> [WHAT YOU HAVE TO DO]:
The line holding "House for sale in Bourne Vale, Kent" and every line after it through the end of the entries below: retype these exactly and nothing more.

Source data:
━━━━━━

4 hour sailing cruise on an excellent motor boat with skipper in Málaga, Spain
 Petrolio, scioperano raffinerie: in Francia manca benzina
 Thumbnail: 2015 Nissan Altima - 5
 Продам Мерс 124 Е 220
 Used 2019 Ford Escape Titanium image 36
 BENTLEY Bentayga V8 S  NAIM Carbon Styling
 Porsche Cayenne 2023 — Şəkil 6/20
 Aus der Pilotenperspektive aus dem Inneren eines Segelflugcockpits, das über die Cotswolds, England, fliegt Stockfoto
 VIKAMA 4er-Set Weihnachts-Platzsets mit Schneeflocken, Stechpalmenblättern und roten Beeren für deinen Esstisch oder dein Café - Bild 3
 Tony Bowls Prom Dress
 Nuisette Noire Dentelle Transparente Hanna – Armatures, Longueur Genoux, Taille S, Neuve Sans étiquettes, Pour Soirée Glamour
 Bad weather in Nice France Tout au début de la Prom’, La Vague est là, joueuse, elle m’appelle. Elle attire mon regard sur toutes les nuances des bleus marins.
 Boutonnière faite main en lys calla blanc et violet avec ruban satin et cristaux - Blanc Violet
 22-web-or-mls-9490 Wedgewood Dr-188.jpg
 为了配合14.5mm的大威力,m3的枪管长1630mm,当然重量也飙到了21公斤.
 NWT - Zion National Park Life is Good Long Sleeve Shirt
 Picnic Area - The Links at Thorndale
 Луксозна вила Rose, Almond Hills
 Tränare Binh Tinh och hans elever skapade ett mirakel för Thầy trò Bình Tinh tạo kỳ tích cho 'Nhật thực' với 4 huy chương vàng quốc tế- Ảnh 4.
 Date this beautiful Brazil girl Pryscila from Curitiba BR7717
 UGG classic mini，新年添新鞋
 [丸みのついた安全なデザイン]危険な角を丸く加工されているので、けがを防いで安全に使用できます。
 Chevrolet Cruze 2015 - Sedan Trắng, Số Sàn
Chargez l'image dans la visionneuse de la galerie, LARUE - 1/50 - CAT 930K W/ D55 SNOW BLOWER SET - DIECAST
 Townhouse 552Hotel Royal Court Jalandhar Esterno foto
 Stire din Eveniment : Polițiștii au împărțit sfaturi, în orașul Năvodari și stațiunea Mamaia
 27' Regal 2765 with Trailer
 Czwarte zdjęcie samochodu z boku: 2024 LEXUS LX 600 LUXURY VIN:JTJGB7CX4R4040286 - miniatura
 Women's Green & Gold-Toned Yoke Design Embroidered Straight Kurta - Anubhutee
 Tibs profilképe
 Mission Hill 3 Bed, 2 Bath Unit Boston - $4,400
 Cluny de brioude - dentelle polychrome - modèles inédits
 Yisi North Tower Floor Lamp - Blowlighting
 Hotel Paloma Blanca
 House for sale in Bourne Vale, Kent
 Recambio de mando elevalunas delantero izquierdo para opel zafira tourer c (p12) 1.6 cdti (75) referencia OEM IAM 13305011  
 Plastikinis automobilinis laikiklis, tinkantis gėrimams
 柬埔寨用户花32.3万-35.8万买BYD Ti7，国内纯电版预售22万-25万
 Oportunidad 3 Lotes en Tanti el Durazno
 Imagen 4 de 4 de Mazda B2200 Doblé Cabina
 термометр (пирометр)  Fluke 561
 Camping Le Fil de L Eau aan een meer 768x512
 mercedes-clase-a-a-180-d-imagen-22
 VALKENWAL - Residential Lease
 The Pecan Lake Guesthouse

━━━━━━

> [EXPECTED OUTPUT]:
 House for sale in Bourne Vale, Kent
 Recambio de mando elevalunas delantero izquierdo para opel zafira tourer c (p12) 1.6 cdti (75) referencia OEM IAM 13305011  
 Plastikinis automobilinis laikiklis, tinkantis gėrimams
 柬埔寨用户花32.3万-35.8万买BYD Ti7，国内纯电版预售22万-25万
 Oportunidad 3 Lotes en Tanti el Durazno
 Imagen 4 de 4 de Mazda B2200 Doblé Cabina
 термометр (пирометр)  Fluke 561
 Camping Le Fil de L Eau aan een meer 768x512
 mercedes-clase-a-a-180-d-imagen-22
 VALKENWAL - Residential Lease
 The Pecan Lake Guesthouse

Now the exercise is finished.